Regret Bounds for Noise-Free Kernel-Based Bandits

§ Problem Statement

Setup

Let $\mathcal{X}=[0,1]^d\subset\mathbb{R}^d$ , let $k:\mathcal{X}\times\mathcal{X}\to\mathbb{R}$ be a known positive definite kernel with RKHS $(\mathcal{H}_k,\|\cdot\|_{\mathcal{H}_k})$ , and fix a known radius $C_k>0$ . An unknown deterministic function $f\in\mathcal{H}_k$ satisfies $\|f\|_{\mathcal{H}_k}\le C_k$ . At each round $t=1,2,\dots,N$ , an algorithm (possibly randomized) chooses $x_t\in\mathcal{X}$ measurably as a function of the past and then observes the exact value $y_t=f(x_t)$ (noise-free feedback). Let $x^*\in\arg\max_{x\in\mathcal{X}} f(x)$ and define cumulative regret

R_N(A,f)=\sum_{t=1}^N\bigl(f(x^*)-f(x_t)\bigr).

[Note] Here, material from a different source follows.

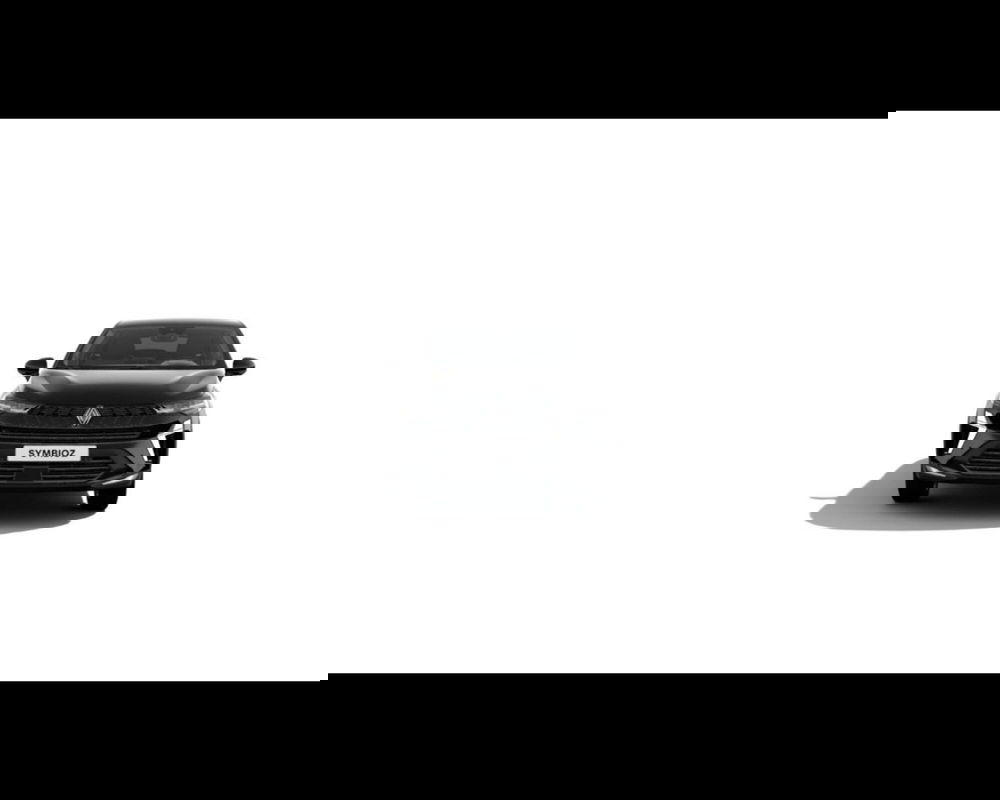 Renault Symbioz nuova a Venezia (8)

Write $\tilde O(\cdot)$ for rates that hide factors polylogarithmic in $N$ .

Unsolved Problem

Problem 2022. Determine the minimax optimal growth rate

\inf_A\sup_{\|f\|_{\mathcal{H}_k}\le C_k} R_N(A,f)

as a function of $N$ in the noise-free kernel-based bandit setting, and to give matching algorithmic upper bounds and information-theoretic lower bounds. In particular, when $k$ is a (stationary, isotropic) Matern kernel on $[0,1]^d$ with smoothness parameter $\nu>0$ , determine the smallest exponent $\alpha=\alpha(d,\nu)$ such that some algorithm achieves $\sup_{\|f\|_{\mathcal{H}_k}\le C_k}R_N(A,f)=\tilde O(N^{\alpha})$ , and prove a matching lower bound (up to polylog factors).

More specifically, prove or refute the COLT 2022 conjecture that (up to polylogarithmic factors)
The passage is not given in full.